(Beginning of Supplied data)

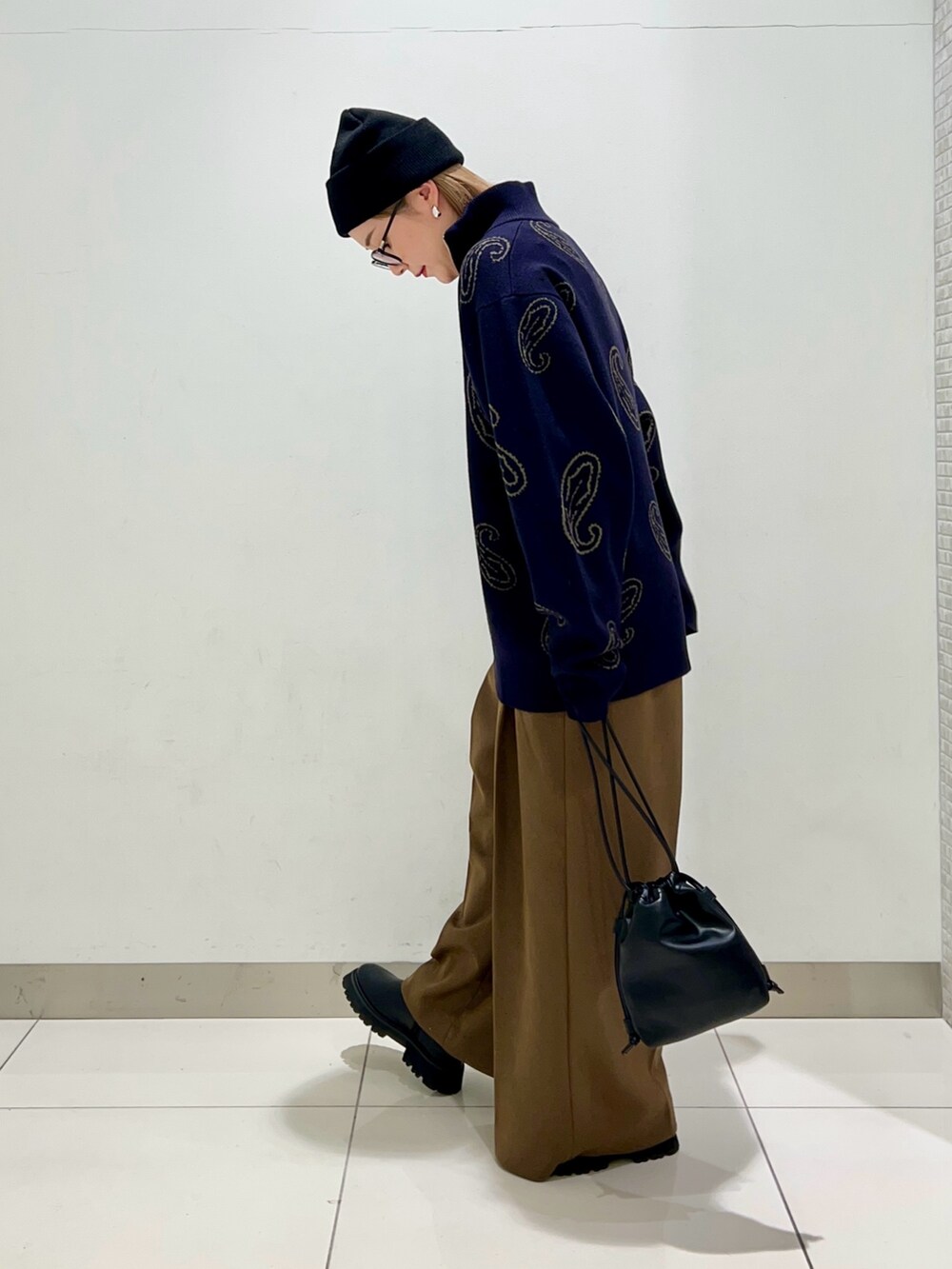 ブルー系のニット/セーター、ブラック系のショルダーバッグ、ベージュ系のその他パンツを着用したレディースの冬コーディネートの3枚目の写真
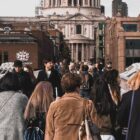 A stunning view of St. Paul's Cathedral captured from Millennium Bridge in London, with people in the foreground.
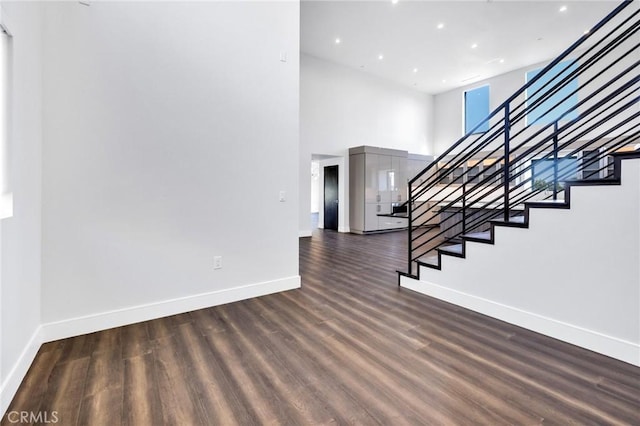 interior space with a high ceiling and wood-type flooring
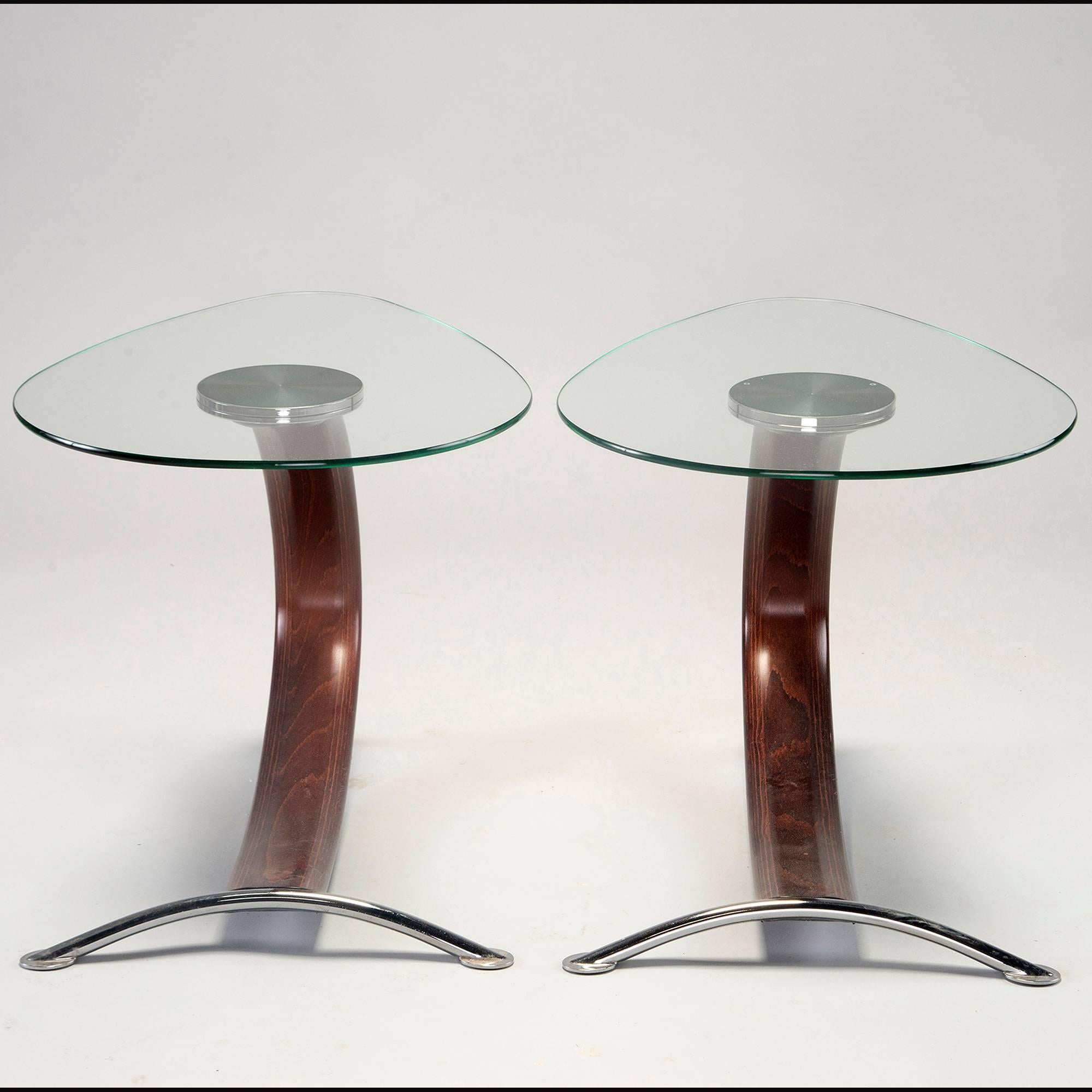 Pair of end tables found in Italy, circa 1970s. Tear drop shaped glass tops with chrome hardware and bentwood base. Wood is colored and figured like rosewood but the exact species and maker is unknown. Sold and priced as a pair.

(End of Supplied data)

Exercise: Everything in the preceding material must be transcribed exactly, except the images.

Response to this task:
 ブルー系のニット/セーター、ブラック系のショルダーバッグ、ベージュ系のその他パンツを着用したレディースの冬コーディネートの3枚目の写真
 A stunning view of St. Paul's Cathedral captured from Millennium Bridge in London, with people in the foreground.
 interior space with a high ceiling and wood-type flooring
 Pair of end tables found in Italy, circa 1970s. Tear drop shaped glass tops with chrome hardware and bentwood base. Wood is colored and figured like rosewood but the exact species and maker is unknown. Sold and priced as a pair.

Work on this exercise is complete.